** Recorded information **
──────────
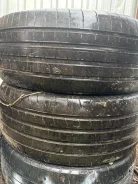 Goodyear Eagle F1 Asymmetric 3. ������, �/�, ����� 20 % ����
──────────
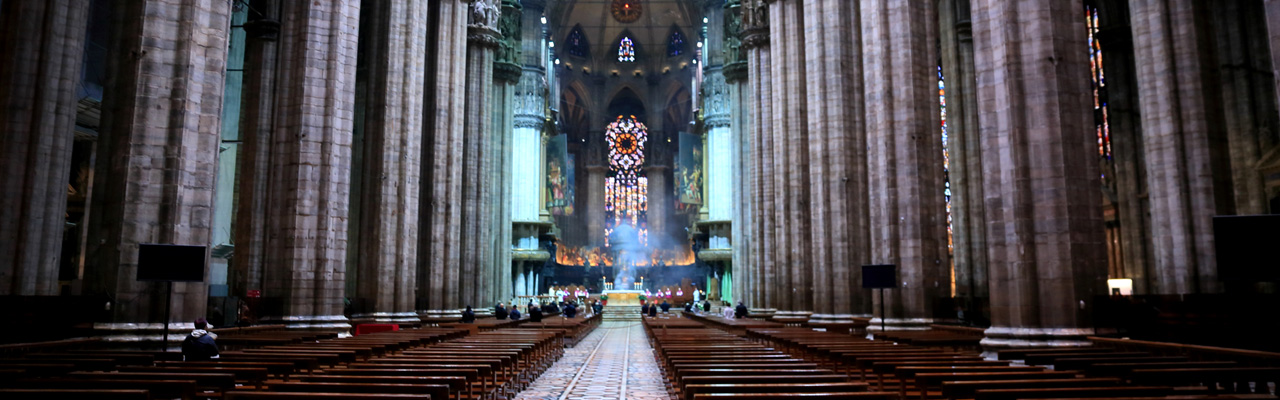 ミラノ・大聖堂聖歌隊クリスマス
──────────
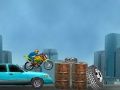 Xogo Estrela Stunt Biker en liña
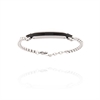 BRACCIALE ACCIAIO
──────────
** Goal of the exercise **
Look above for the line holding "Xogo Estrela Stunt Biker en liña" and output everything from it down to the line holding "BRACCIALE ACCIAIO", both ends included, exactly and without images.

** Exercise answer **
 Xogo Estrela Stunt Biker en liña
 BRACCIALE ACCIAIO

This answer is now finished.